2 前項の場合において、収受した賄賂は、没収する。その全部又は一部を没収することができないときは、その価額を追徴する。

第四十六条 前条第一項に規定する賄賂を供与し、又はその申込み若しくは約束をした者は、三年以下の懲役又は三十万円以下の罰金に処する。

第四十七条 次の各号の一に該当する者は、一年以下の懲役又は十万円以下の罰金に処する。

 一 第十三条第一項の規定に違反した者

 二 第十三条第二項の規定の違反となるような行為をした者

 三 偽りその他不正の手段により、保障契約証明書の交付又は再交付を受けた者

 四 第三十八条において準用する責任制限法第四十条第二項の規定による報告又は書類の提出を求められて、報告をせず、若しくは書類の提出をせず、又は虚偽の報告をし、若しくは虚偽の書類の提出をした者

第四十八条 次の各号の一に該当する者は、十万円以下の罰金に処する。

 一 第十九条の規定に違反した者

 二 第二十条第一項の規定に違反した者

 三 第二十条第二項の規定の違反となるような行為をした者

 四 第二十八条第一項又は第二項の規定による報告をせず、又は虚偽の報告をした者

 五 第四十二条第一項の規定による提示を拒み、又は妨げた者

第四十九条 法人の代表者又は法人若しくは人の代理人、使用人その他の従業者がその法人又は人の業務に関して前二条の違反行為をしたときは、行為者を罰するほか、その法人又は人に対しても、前二条の罰金刑を科する。

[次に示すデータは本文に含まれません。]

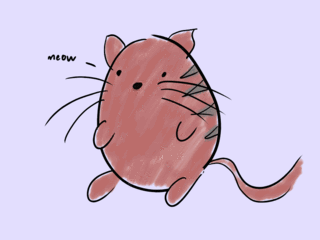 Dibujo de un gatito.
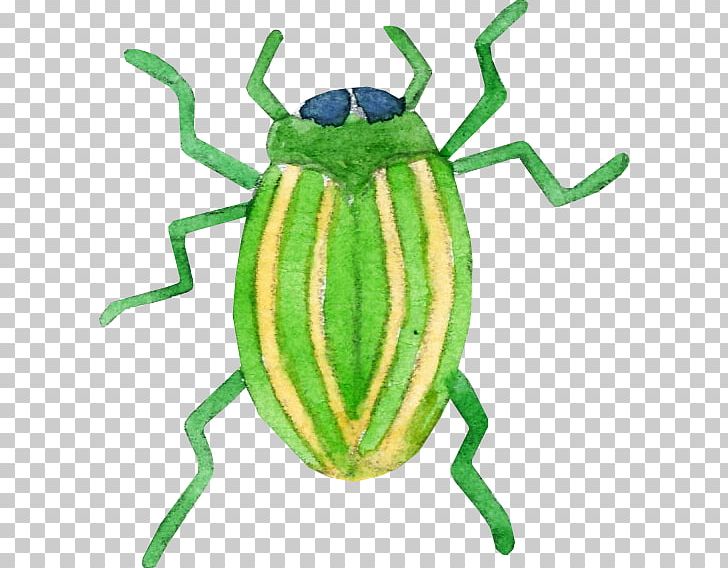 Cockroach Cartoon Illustration PNG, Clipart, Adobe Illustrator, Animal, Animals, Cartoon, Cartoon Character Free PNG Download
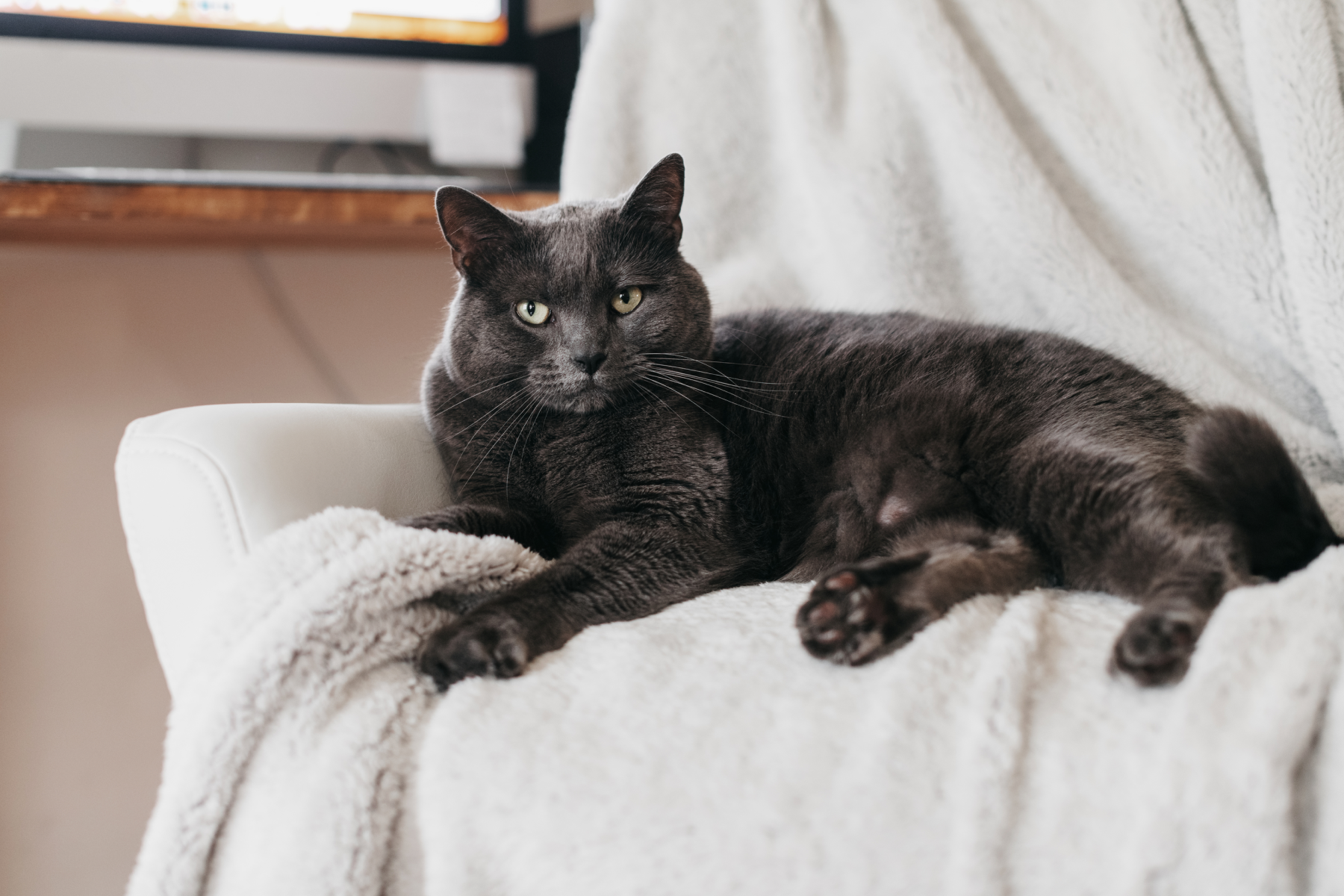 5 Things Your Senior Cat Needs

第五十条 次の各号の一に該当する者は、三万円以下の過料に処する。

 一 第十八条第一項の規定による届出をせず、又は虚偽の届出をした者

 二 第十八条第三項の規定に違反した者

   附 則

 (施行期日)

第一条 この法律は、責任条約が日本国について効力を生ずる日から施行する。ただし、第四章第一節及び第三十三条から第三十五条までの規定は国際基金条約が日本国について効力を生ずる日又は国際基金条約第四十条第一項の規定により国際基金条約が効力を生ずる日(以下「国際基金条約発効日」という。)から起算して百二十日を経過した日のうちいずれか遅い日から、第二十八条、第四十八条第四号及び第四十九条の規定は公布の日から起算して一月を超えない範囲内において政令で定める日から、第二十九条及び第三十条の規定は国際基金条約が日本国について効力を生ずる日から施行する。

 (経過措置)

第二条 この法律(第四章第一節及び第三十三条から第三十五条までを除く。以下この項において同じ。)の規定は油濁損害の原因となつた最初の事実がこの法律の施行前に生じた場合における当該油濁損害について、第四章第一節及び第三十三条から第三十五条までの規定は油濁損害の原因となつた最初の事実がこれらの規定の施行前に生じた場合における当該油濁損害については、適用しない。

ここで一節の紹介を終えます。